Is it likely that the higher the level at which one has played the game, the calmer and more balanced one is likely to be in reacting to its fluctuating fortunes?

Sankaran Krishna
29-Apr-2015
A scroll down the reader's comments section of any cricket article on the web will quickly educate one into the reality that we fans are an emotional lot - quite intemperate in our praise or excoriation of our idols, and invariably scathing about our team's opponents. The blogosphere is filled with bloviators foaming at the mouth, and while no nationality seems to have a monopoly on stupidity, some definitely seem more extreme than others. Belying cricket's image of a bucolic game played by gentlemen, the game's keyboard warriors seem cut from much rougher cloth than anyone would expect.
In this blog, I ponder a theory: is it likely that the higher the level at which one has played the game, the calmer and more balanced one is likely to be in reacting to its fluctuating fortunes? And conversely, the less adept one was at playing the game, the more extreme one's judgements may be?

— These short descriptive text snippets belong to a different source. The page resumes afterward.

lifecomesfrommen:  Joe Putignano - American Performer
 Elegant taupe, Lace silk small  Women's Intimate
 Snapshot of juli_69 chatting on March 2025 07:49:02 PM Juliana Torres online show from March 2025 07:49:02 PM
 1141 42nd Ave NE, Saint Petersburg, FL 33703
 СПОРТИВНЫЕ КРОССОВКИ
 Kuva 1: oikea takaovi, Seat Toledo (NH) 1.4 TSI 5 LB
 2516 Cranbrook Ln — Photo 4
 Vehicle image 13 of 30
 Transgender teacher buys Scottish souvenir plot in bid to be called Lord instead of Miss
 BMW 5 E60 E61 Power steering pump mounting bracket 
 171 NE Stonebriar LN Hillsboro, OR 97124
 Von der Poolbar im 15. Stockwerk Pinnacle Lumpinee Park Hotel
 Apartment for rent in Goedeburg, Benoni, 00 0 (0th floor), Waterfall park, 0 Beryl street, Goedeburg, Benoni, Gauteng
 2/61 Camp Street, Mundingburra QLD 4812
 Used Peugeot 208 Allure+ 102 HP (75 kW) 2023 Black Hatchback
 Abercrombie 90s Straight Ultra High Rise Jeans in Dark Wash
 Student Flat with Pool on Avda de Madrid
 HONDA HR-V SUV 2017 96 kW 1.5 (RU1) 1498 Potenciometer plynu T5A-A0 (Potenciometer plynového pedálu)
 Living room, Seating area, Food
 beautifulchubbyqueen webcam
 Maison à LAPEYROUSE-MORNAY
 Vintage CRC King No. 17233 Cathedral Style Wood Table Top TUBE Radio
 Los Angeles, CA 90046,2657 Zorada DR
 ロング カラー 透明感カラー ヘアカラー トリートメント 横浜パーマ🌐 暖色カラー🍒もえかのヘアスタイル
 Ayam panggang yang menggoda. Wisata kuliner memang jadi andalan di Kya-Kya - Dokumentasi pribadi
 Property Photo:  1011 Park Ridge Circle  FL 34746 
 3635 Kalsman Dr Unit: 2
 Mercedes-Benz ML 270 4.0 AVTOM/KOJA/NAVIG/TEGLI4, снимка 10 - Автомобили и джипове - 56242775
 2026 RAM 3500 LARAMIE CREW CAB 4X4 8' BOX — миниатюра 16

I'm not very sure about the veracity of my claim; it's obviously a generalisation with many exceptions.
During the 2003 World Cup in South Africa, a group of us fans in Honolulu pooled resources for a live telecast of the matches and watched at the home of one of us. Our small group was multinational - weighted towards the subcontinent - though I don't recall anyone from either the West Indies or Africa (South Africa or otherwise). I viewed the occasion as a chance to compile an ethnography of cricket fans. And gradually I noticed that it wasn't the nationality of the fans that correlated with the ways they reacted to events on the field. Rather, the calmest watchers were invariably also the best cricketers, often people who had played the game at a level that required real skill - representing a university renowned for its cricketing prowess, for instance.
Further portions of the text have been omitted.